§ **Provided data**

::::::

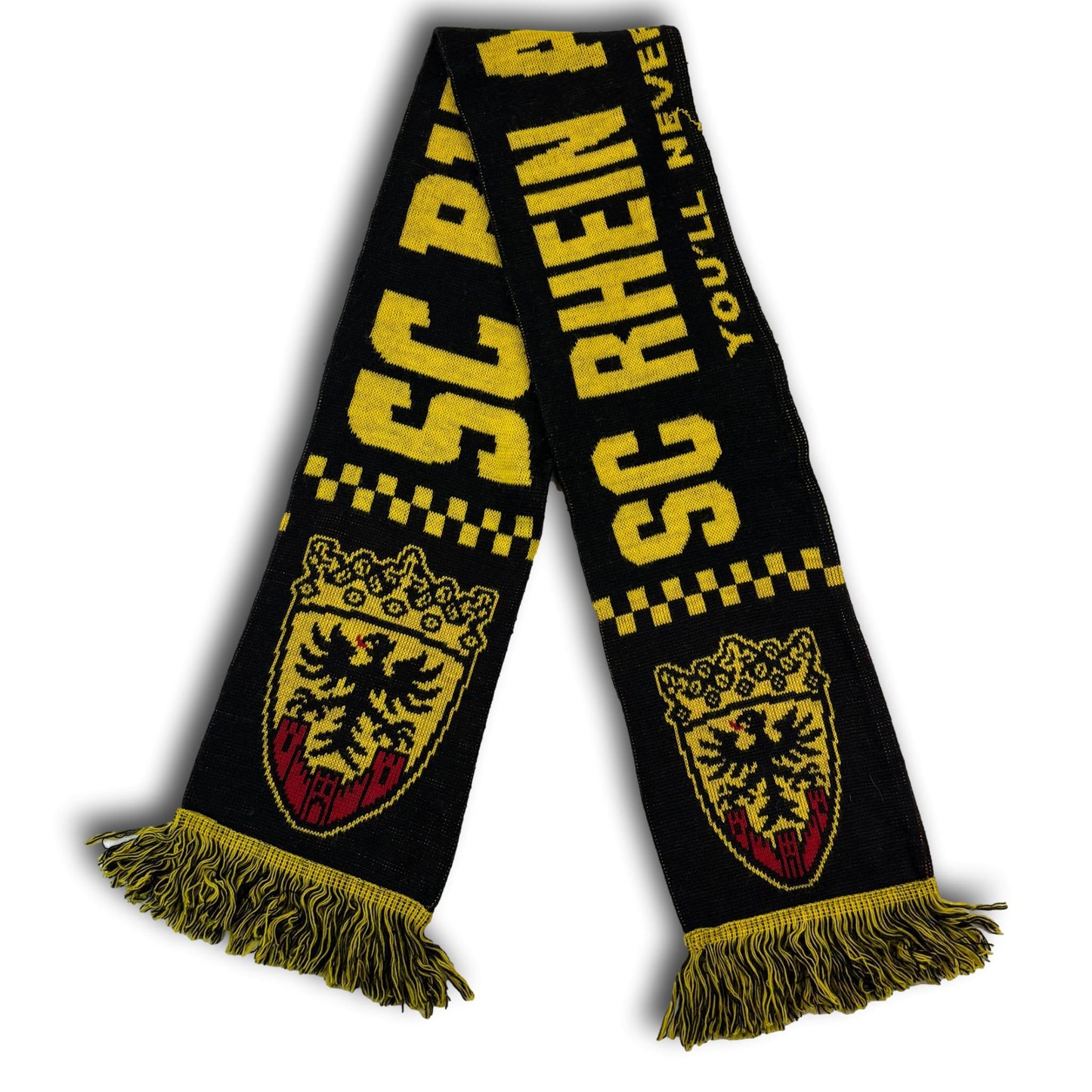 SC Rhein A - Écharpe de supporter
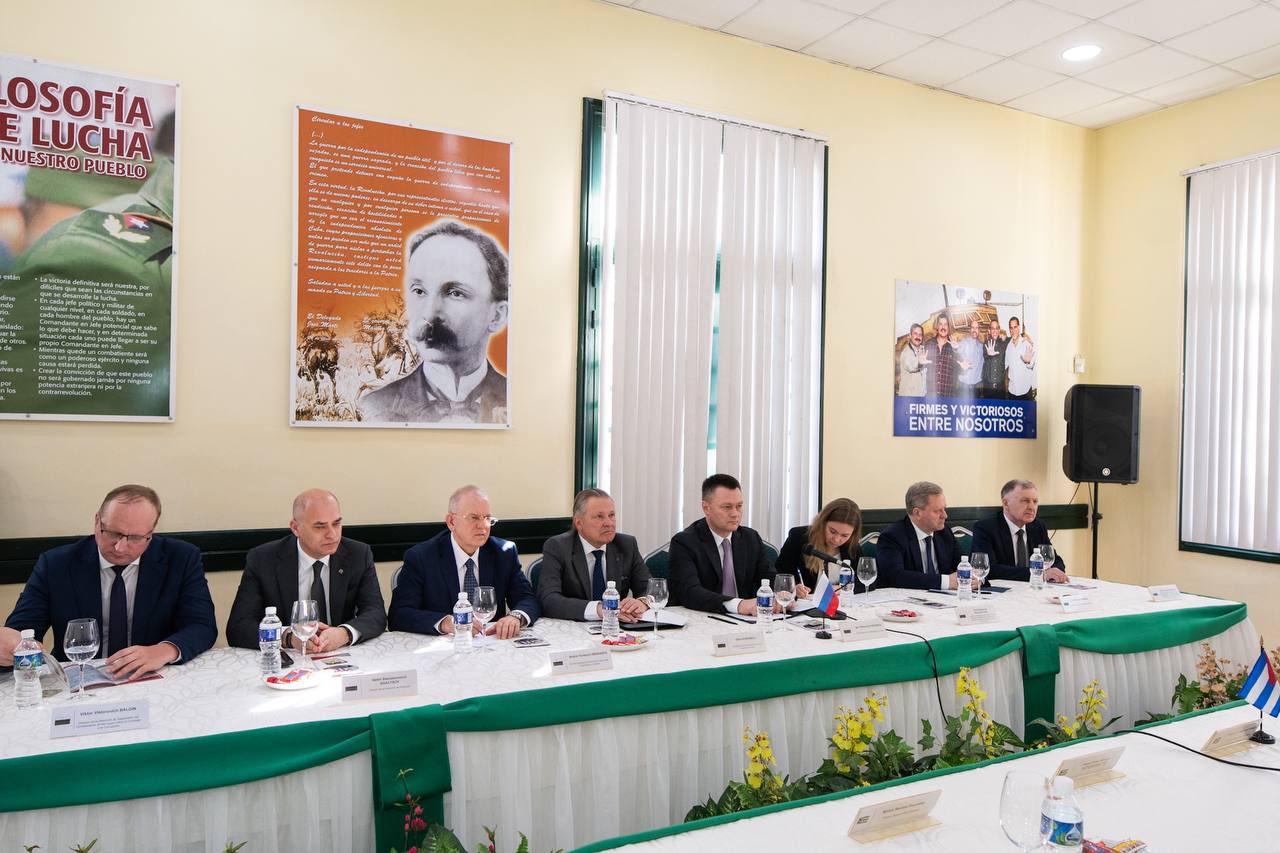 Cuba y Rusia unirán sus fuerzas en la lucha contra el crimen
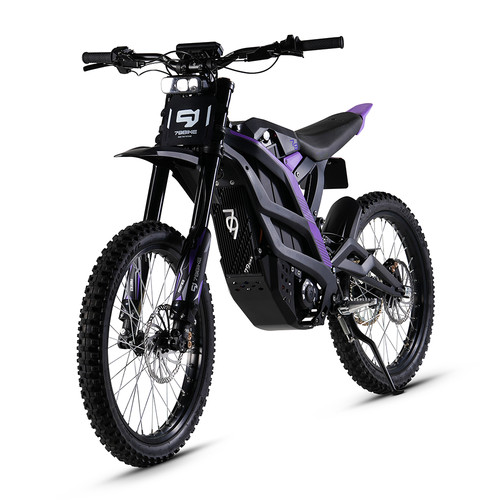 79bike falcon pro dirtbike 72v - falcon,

::::::

§ **Aim of the task**
Your copy must begin at the line containing "Cuba y Rusia" and end at the last line of the material above. Reproduce each line exactly, but not the pictures.

§ **The answer**
 Cuba y Rusia unirán sus fuerzas en la lucha contra el crimen
 79bike falcon pro dirtbike 72v - falcon,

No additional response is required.